What challenges have you faced as a diverse lawyer and how did you overcome them?

As any diverse attorney knows, simply being different is a challenge of its own. People naturally gravitate towards people who are similar to them, in and out of the workplace. Diverse attorneys are forced to balance their need to fit in the office culture with their other identities, while keeping true to themselves. Little things I encounter on a daily basis are a constant reminder of my ‘otherness’: effectively coming out every time I mention my husband in conversation, being anxious that my accent is too noticeable, not understating American sports references, etc. On top of that, there’s the baggage of knowing that some people still hold prejudiced (e.g., anti-Semitic or homophobic) opinions towards social groups I belong to. Trying to fit in is trickier when you belong to a minority. For example, Americans have different sensibilities than Israelis and I constantly try to check myself to make sure my Israeli “chutzpah” is not interpreted as rudeness. Because this self-policing can be personally taxing, I strive to be very upfront about my background and celebrate it as a source of pride.

Why did you get involved with the Diversity Committee and take on a leadership role?

Initially, I was looking for kinship. I joined the firm during lockdown when everyone worked remotely and I searched for ways to meet and get to know my colleagues in a more social setting. I was very lucky to receive a warm welcome from everyone at Hughes Hubbard & Reed, but I believe there is no substitute for connections developed with people with shared life experiences and interests. When I joined HHR Pride, I had many ideas on how we can advance LGBTQ inclusion in the firm and strengthen our community, and I was happy to find colleagues who are passionate and enthusiastic about promoting the LGBTQ community at HHR just as much as I am.

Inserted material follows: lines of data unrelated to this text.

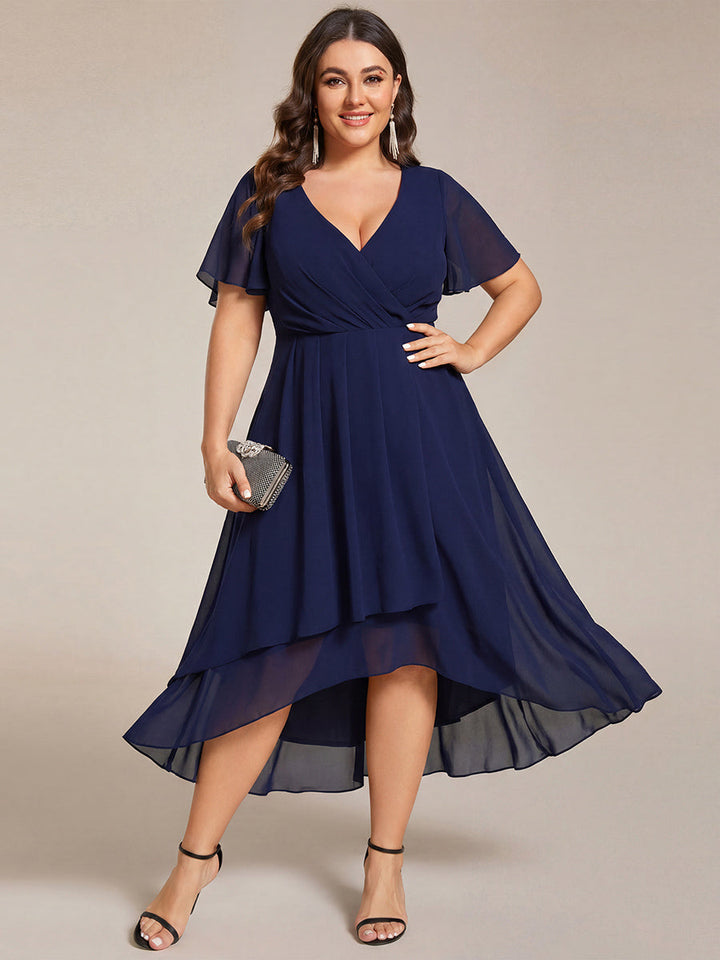 pretty LARK|Plus Size Chiffon Short Sleeves Pleated V-Neck A-Line Midi Wedding Guest Dress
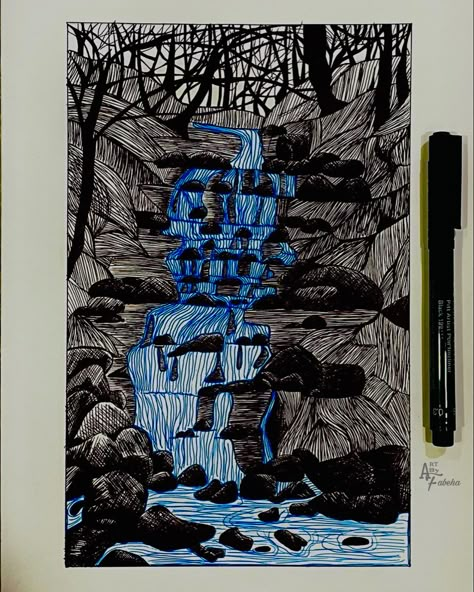 River Pen Drawing, Painting Ideas Difficult, Sketchpen Drawings Ideas Aesthetic, Nature Sketch Ideas, Pen Art Work Drawings, Pen Art Work Illustrations, Fineliner Art Illustration, Sketch Pen Art Doodles, Black Pen Art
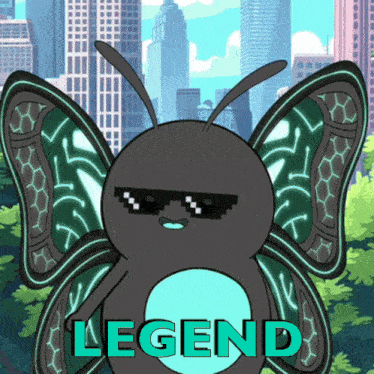 a cartoon butterfly wearing sunglasses and the word legend on it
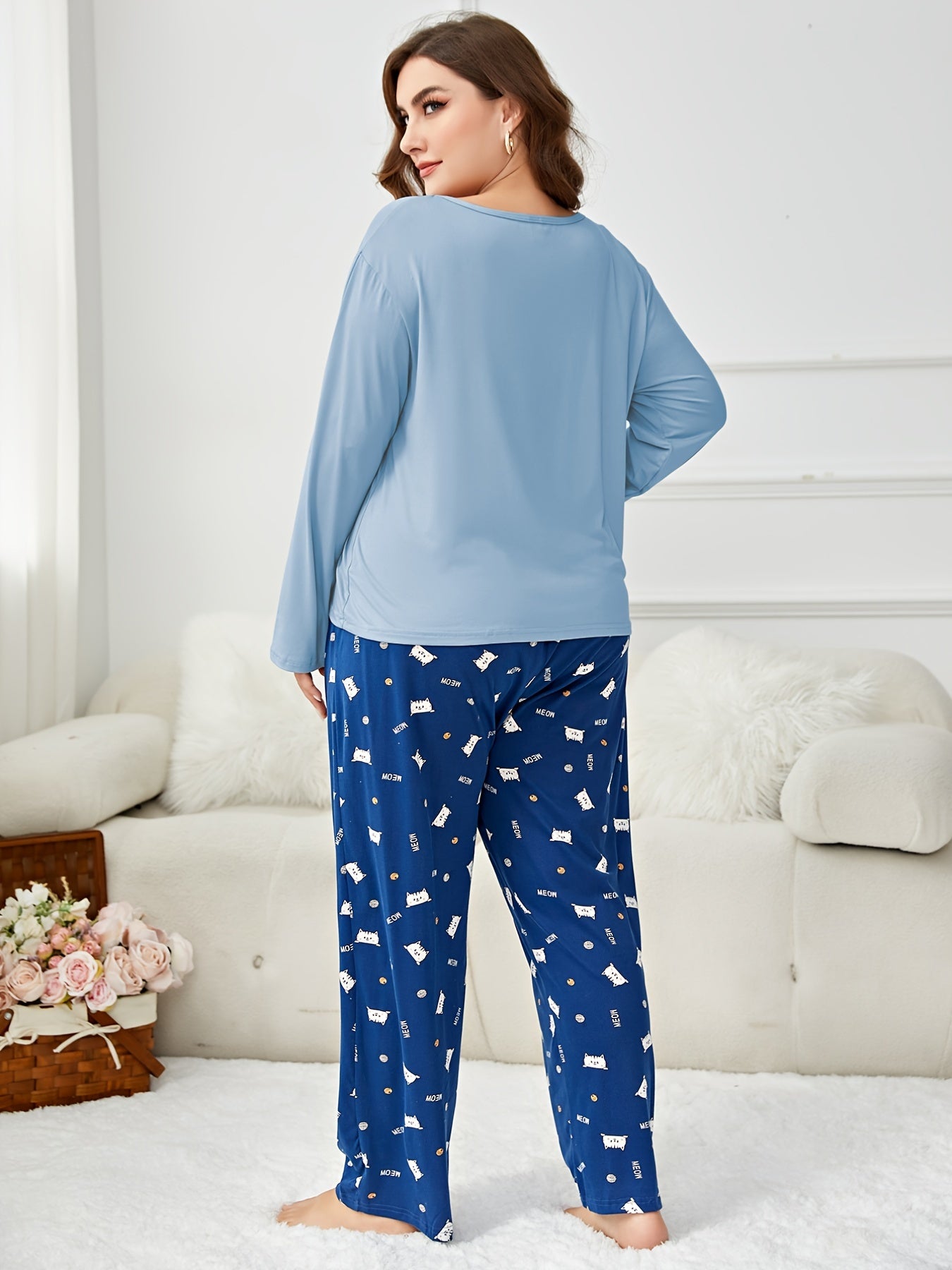 Cat Print Pajama Set Long Sleeve Top & Pants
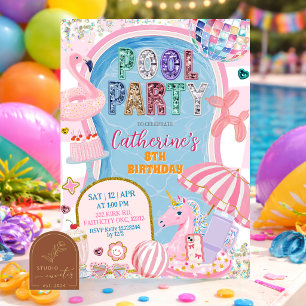Sequins Glitter Pool Party Girl Birthday Invitation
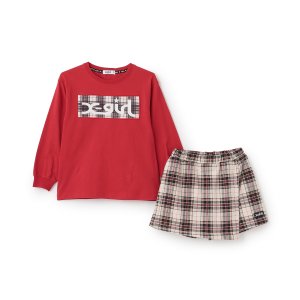 画像2: X-girl Stages  フロッキーBOXロゴ長袖Tシャツ&スカショーパンセット  10;アカ (2)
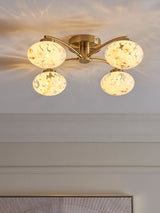 Next Brass Confetti Glass 4 Light Flush Ceiling Light 50cm- Buy online at McGrocer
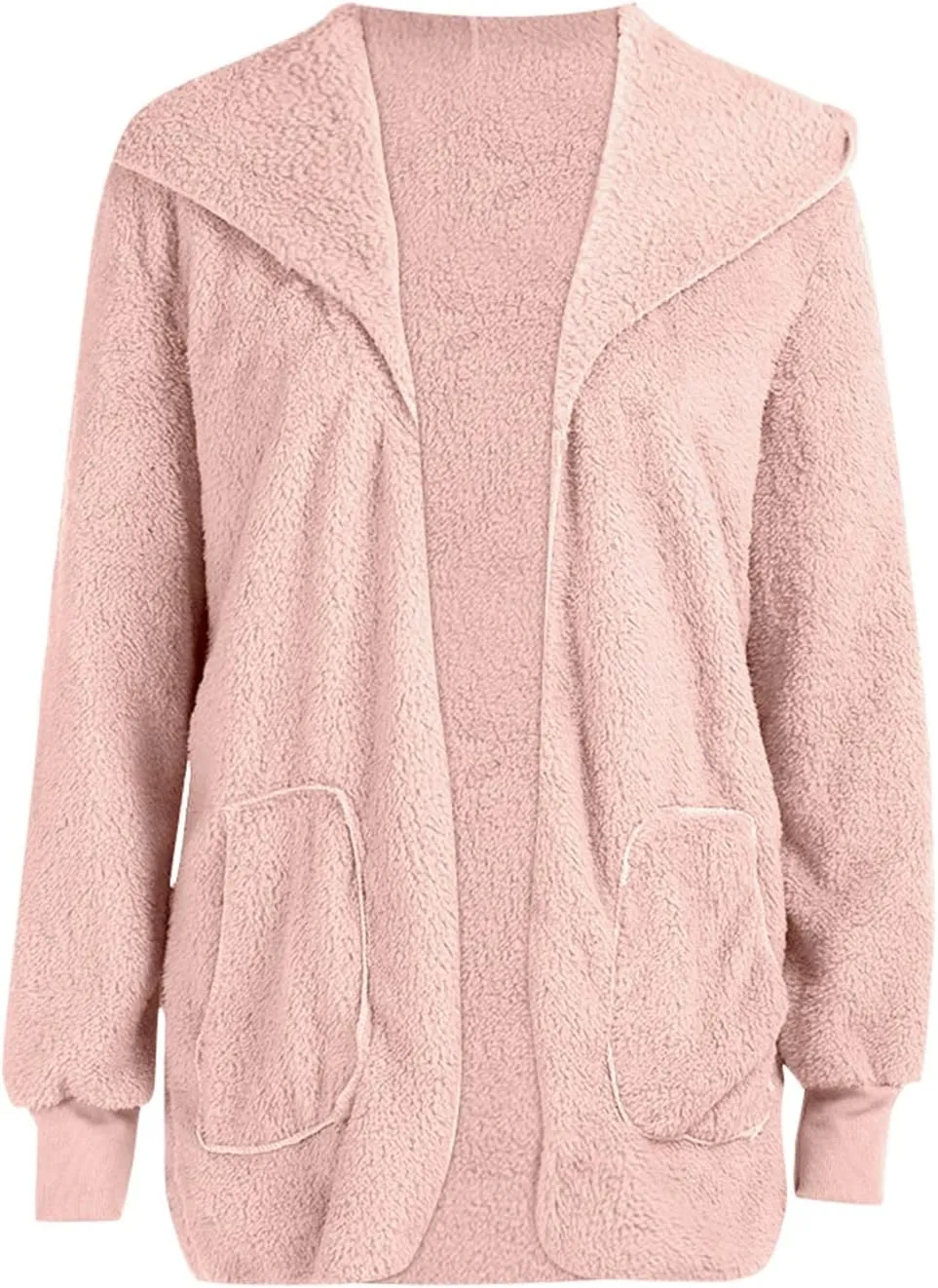 PETYCZEN Womens Fleece Jacket Winter Fuzzy Sherpa Lined Open Front Long Cardigan Coats Thermal Hooded Jackets with Pockets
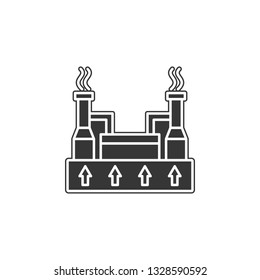 factory with up arrows icon. Simple outline vector of Sustainable Energy set icons for UI and UX, website or mobile application on white background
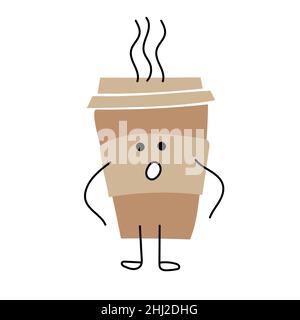 Kaffeetasse - lustige Zeichentrickfigur mit Emotion der Überraschung auf weißem Hintergrund. Einfache Zeichentrickfigur Stock Vektor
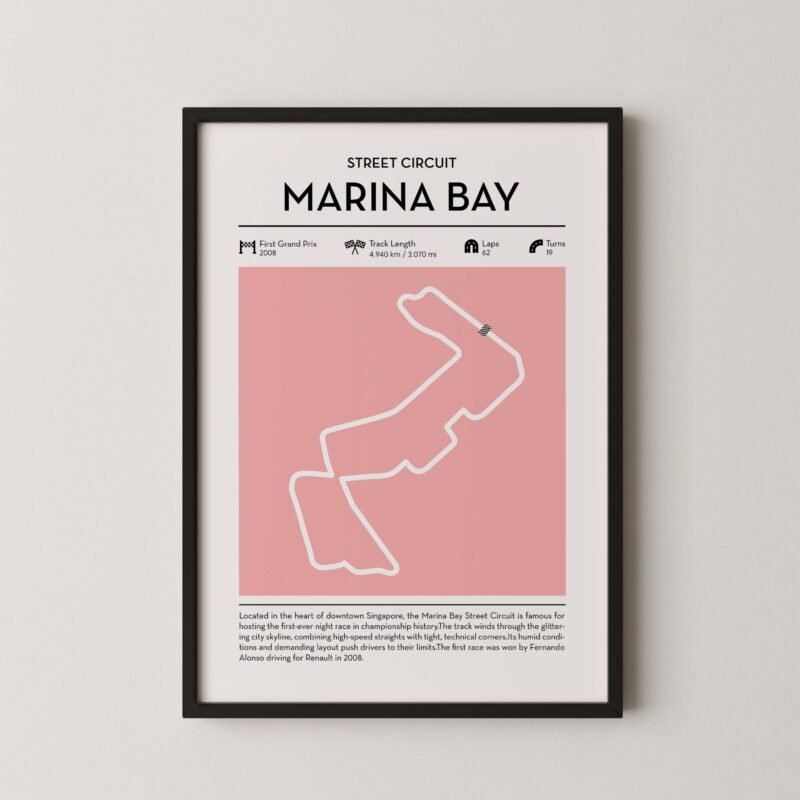 Modern Singapore Grand Prix circuit poster with minimalist Formula 1 track design
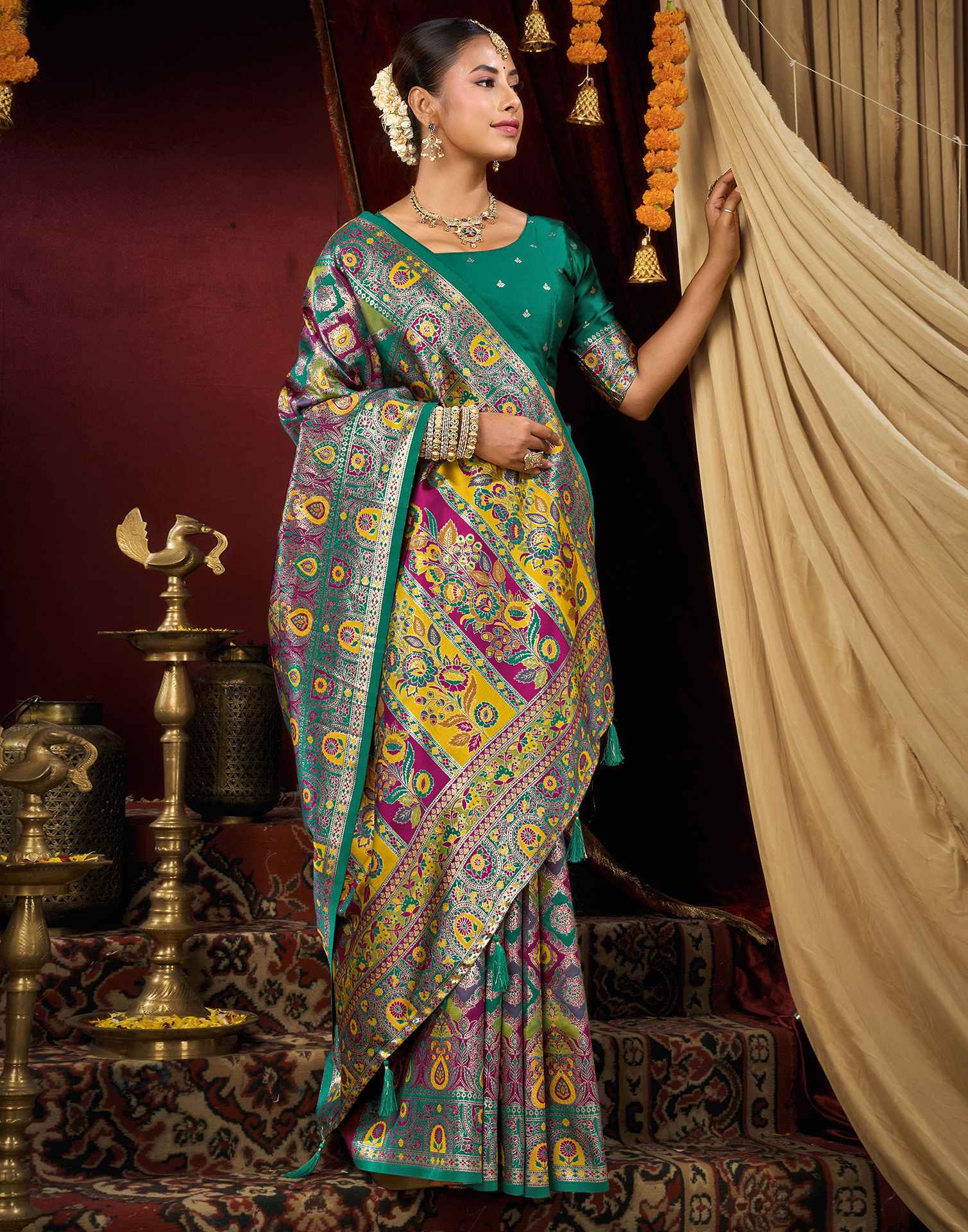 Multicoloured Silk Woven Banarasi Saree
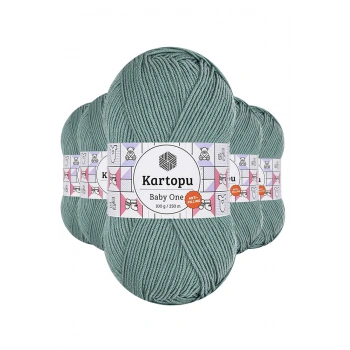 5 Adet Baby One Tüylenmeyen El Örgü İpi Yünü Azur K493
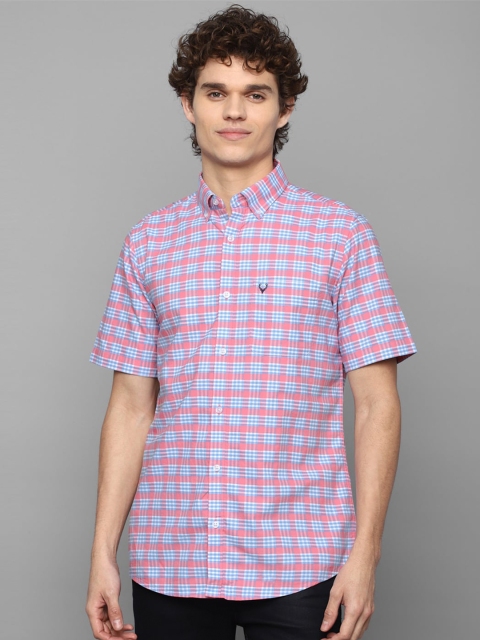 

Allen Solly Men Pink & Blue Slim Fit Checked Button-Down Collar Pure Cotton Casual Shirt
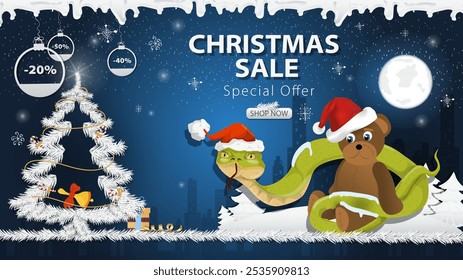 Banner special offer Christmas sale, A snake in a Santa hat Wraps around a bear toy next to a festive fir tree in the snow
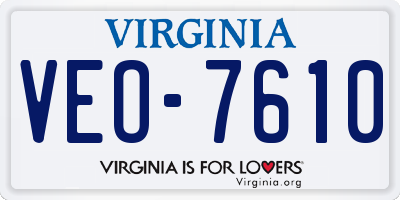 VA license plate VEO7610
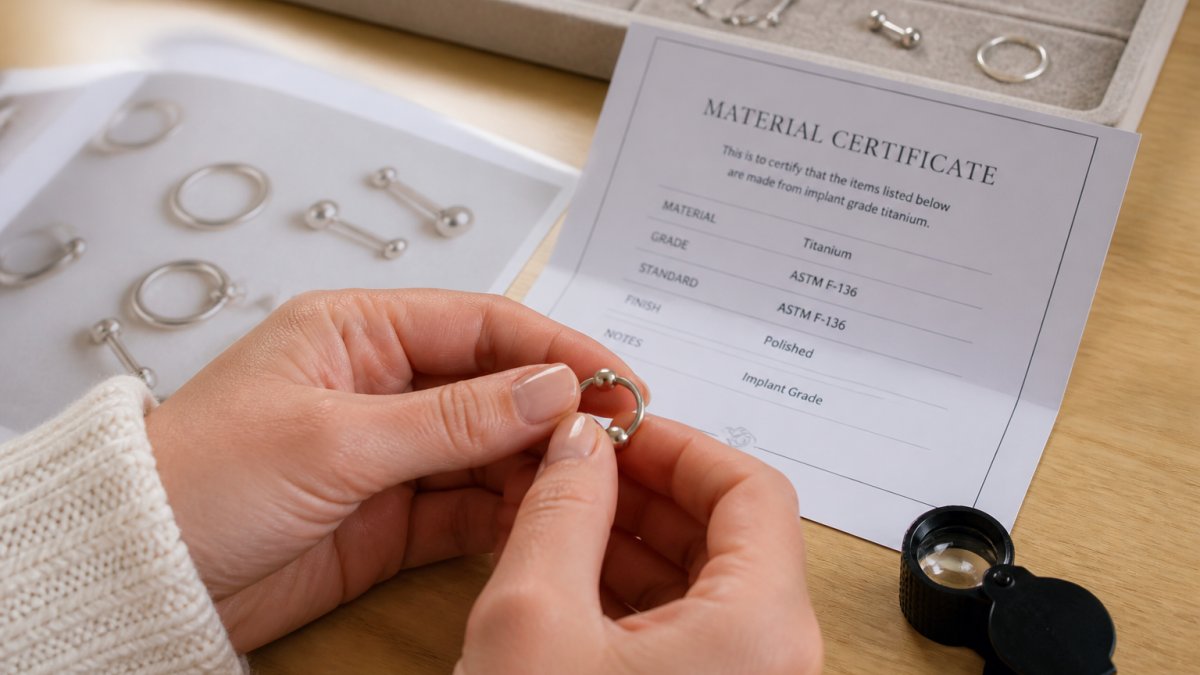 Close-up of hands holding a titanium jewelry piece next to printed material certificate and documentation, showing inspection details under natural lighting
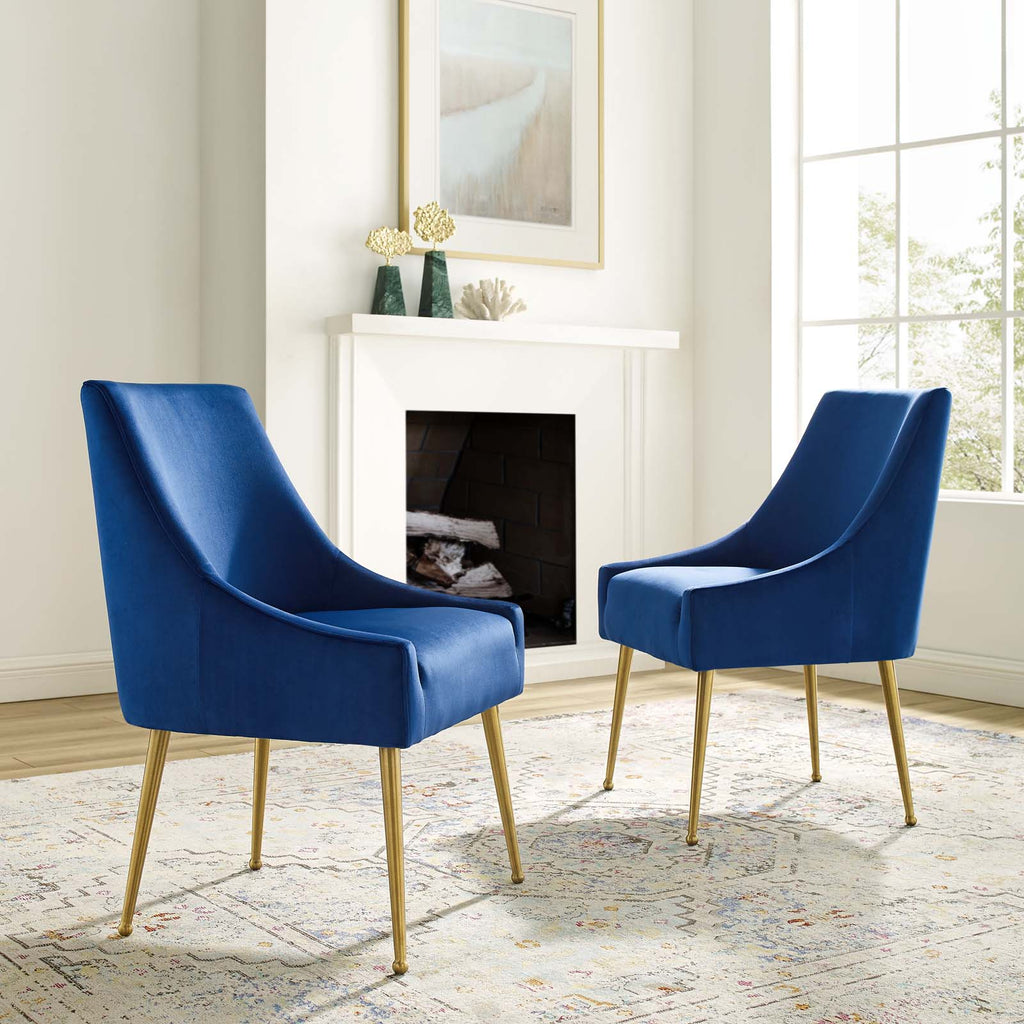 Discern Upholstered Performance Velvet Dining Chair Set of 2 in Navy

What’s the best way for a law firm to not only increase the number of diverse lawyers, but also retain them?

This distinction between hiring and retaining is crucial; I think many firms do a good job at hiring diverse attorneys, but need to improve their retention efforts.

On the hiring side, diverse attorneys should be a part of the interview stage to offset hidden biases in the hiring process. We all have unconscious biases that are almost impossible to overcome. Only by adding diverse attorneys to the interview and hiring process, can we counter unconscious bias by adding more points of view. On the retention front, representation is key. The most important thing firms should do is promote qualified diverse attorneys to key positions. Diverse attorneys that can’t identify themselves in the partner ranks will not envision themselves as ever becoming partners themselves, and may eventually leave the firm.

Promoting diverse attorneys also includes encouraging and helping diverse associates to join and take leadership roles in diverse bar associations and boards and earn accolades on such work. Visibility is important both in hiring and retaining diverse associates. Shining a spotlight on diverse attorneys at the firm will not only help retain those lawyers, it may also draw diverse prospective hires to the firm. As a general rule, firms should encourage attorneys to express their otherness, whatever it may be, because at the end of the day everyone benefits from being able to bring their true self to work.

What are your short-term and long-term goals for the group?

I would like to see HHR Pride become a safe space for LGBTQ attorneys and their allies to converse freely on the challenges and triumphs of our community (such as the passage of the Equality Act only a week ago). I hope that HHR Pride can evolve to be a social space, where true bonds are created and mentorship relationships develop organically. On a firm-wide perspective, we already have some exciting initiatives intended to increase inclusivity and visibility at the firm that we will start this year. Long-term, I hope we can turn outwards and help the greater LGBTQ community, through pro bono programs dedicated to LGBTQ individuals, CLE presentations and financial contributions.